Rose loved this story. She would always say she couldn’t wait to grow up to be a mother. She wanted five babies, preferably all girls, and whenever she said that, Mother would laugh and kiss her head and say, Oh my Rosie, I hope they’re all as sweet as you.
But I would always stay quiet. I didn’t dream of babies, of being a mother. I’d never much relished the idea of taking care of anyone else aside from myself. And I’d never quite thought past marrying a man, becoming a wife, to what might inevitably come next.
I’d never quite thought about it at all, until I found myself on that hard tile floor of the Santa Barbara Hotel, vomiting into the toilet.
In that exact moment, I’d tried to count back to the last time I’d seen my monthly visitor and I couldn’t remember, precisely. But it had been… months, sometime before my wedding.
And then I’d leaned my cheek against the cool porcelain of the hotel toilet and I’d cried.
* * *
TOM AND I left Santa Barbara almost immediately after his accident. We went to Boston first, where his family owned an estate. He wanted to go on to Europe from there, but I wanted to return to Louisville instead, at least until the baby was born.
“I need my mother,” I insisted, like I was still a pouty little girl, and not this grown-up married woman about to be a mother in her own right.
Tom finally, reluctantly agreed, and by the first of 1920, we were back in Louisville, staying in Mother’s house. I retreated to my old bedroom and made Tom go down the hall to Rose’s. I told him the baby and I needed our space in bed. But as my stomach swelled, my nausea grew. And even if I might have wanted Tom to touch me, my body wouldn’t stand for it.
We never discussed the accident, about what had happened with the chambermaid in Santa Barbara or why Tom had been driving in the middle of the night in a car with her. Tom had come back to our suite later that afternoon, a goose egg on his forehead, and had simply said, “What would you like for supper tonight, Daisy?” As if my entire world hadn’t just burst into spontaneous flames, with one telephone call and one realization stretched across the cool bathroom floor.
I’d answered him by saying: “I think I might be pregnant.”
Tom had opened his mouth, then closed it. He didn’t say anything at all for a few moments. When he finally spoke he said: “A baby?” It was more a question than a reaction, good or bad.
We’d stared at each other, the ocean breeze wafting in through the window I’d opened to try and ease my nausea earlier. It gave me a chill; I shivered a little, but neither one of us moved to shut the window.
There were so many things left unsaid in that moment, but neither one of us said them to the other, either.
* * *
IN LOUISVILLE, MY belly grew and grew, and I had never felt more unattractive, more ill, in my entire life. Mother couldn’t stop crowing about what a blessing this baby was. I’d walk by her in the mornings, on my way to try and swallow down some breakfast, and she would put her hand on my belly and trill like a snow goose. Blessings and grandbabies and new life! It was like she forgot all other words but these.
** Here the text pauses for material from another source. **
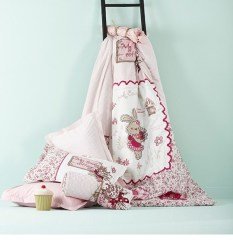 Karaca Home Pink Country Pembe Ranforce Genç Uyku Seti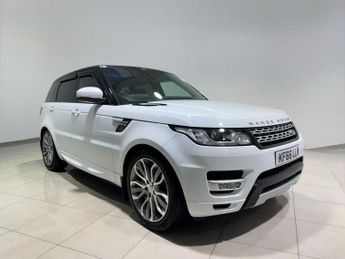 Land Rover Range Rover Sport 3.0 SD V6 HSE SUV 5dr Diesel Auto 4WD Euro 6 (s/s) (306 ps)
But this was the first time in my life I truly despised being a woman. I no longer felt, in the slightest, pretty. When I looked in the mirror, I saw unfamiliar bloated and blotchy cheeks staring back at me. And I felt like I was suffocating from the inside out. Trapped by this baby swelling up inside of me, taking over my body, making me ugly. And trapped by Tom, too.
Mother would never understand it, and so when she cooed, I smiled politely, and kept all the awful feelings inside. I couldn’t bear to tell her that Tom had been unfaithful to me. I couldn’t bear to admit out loud what I now understood deep down: any power I’d thought I’d gained in becoming Mrs. Buchanan was all an illusion. Instead, by marrying Tom, I’d given up every last part of myself. Even now, my beauty.
And then I hoped to God this baby would at least be a boy. That it would come out of me already having choices.
* * *
I AWOKE ONE night in the middle of April, my stomach clenching. Mother called for the doctor, and he came and gave me ether for the pain, and then I truly was grateful she was close, her snow goose trilling and all. I was in and out for hours or days, sweating and screaming and pushing. Mother held my hand. Maybe Tom was down the hall in Rose’s room, or, maybe he wasn’t. I didn’t know where Tom was.
Then, there came the ether again; a dark and dreamless sleep followed.
When I awoke again, there was Mother’s face, hovering, and the doctor’s voice. He placed a baby into my arms. “It’s a girl,” he said, brightly.